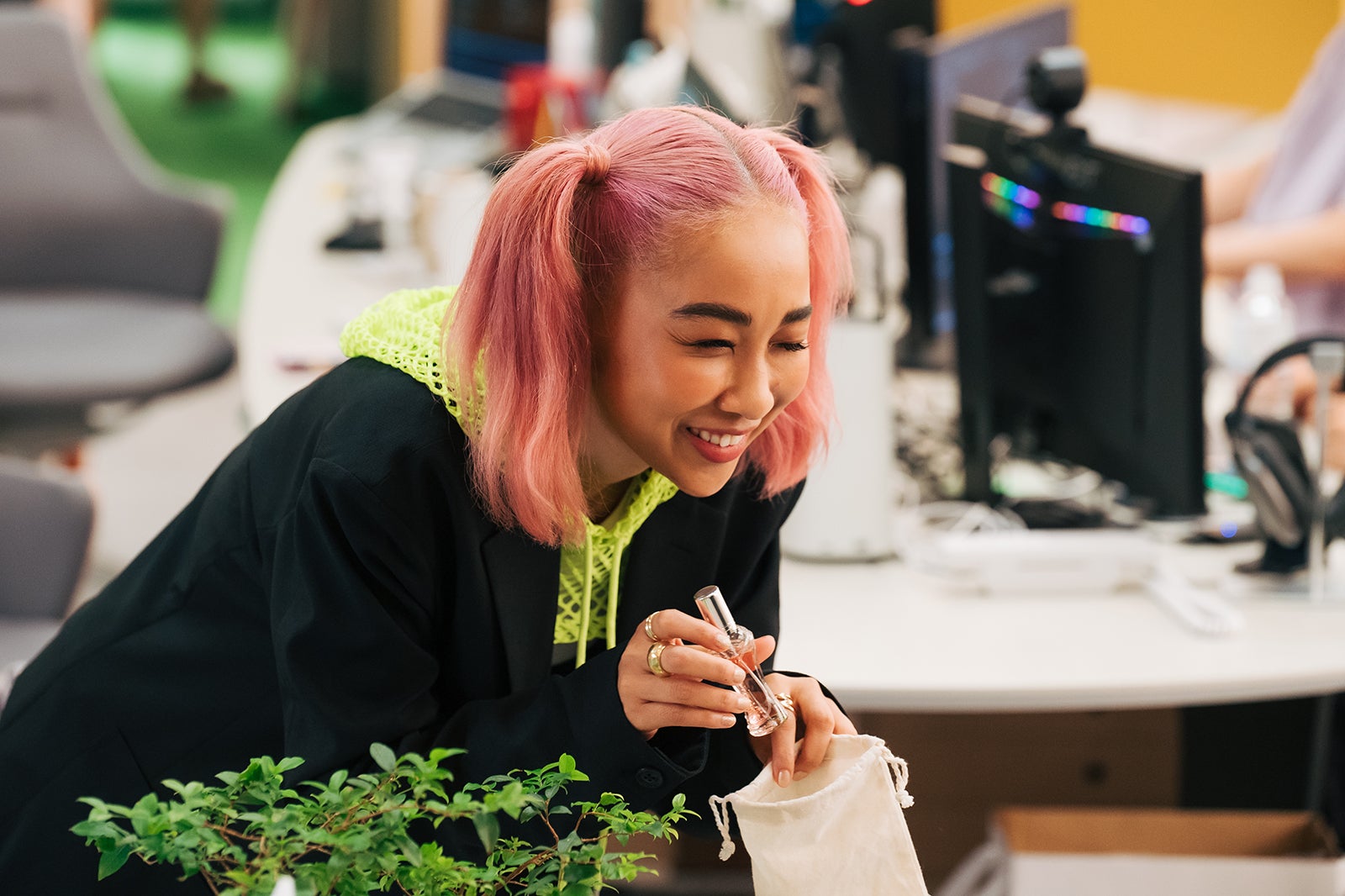 青山テルマ（C）TBS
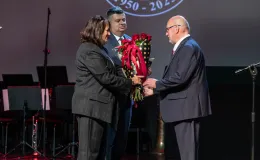 na zdjęciu osoby na scenie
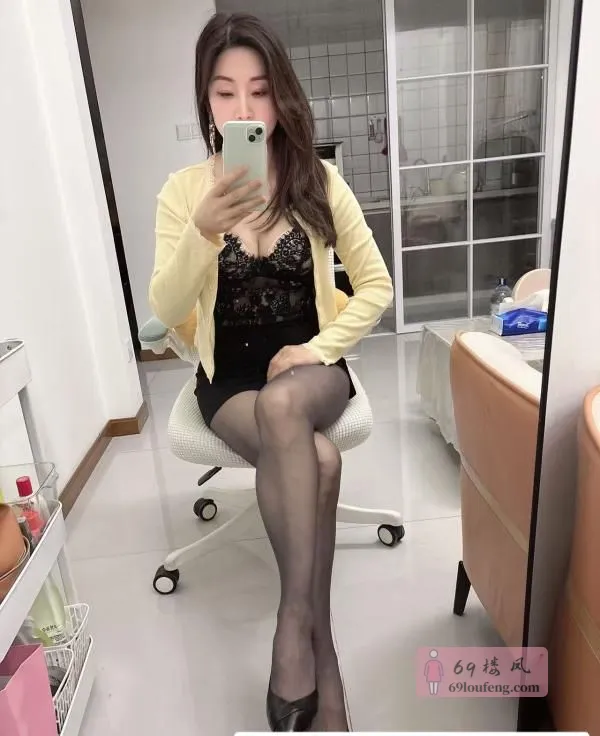 个人服务小姐姐 - 湖北-武汉 楼凤实拍第3张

-*-*-

→ Description of the task:
Set down each line of the material exactly and skip every image.

→ Answer for this exercise:
 青山テルマ（C）TBS
 na zdjęciu osoby na scenie
 个人服务小姐姐 - 湖北-武汉 楼凤实拍第3张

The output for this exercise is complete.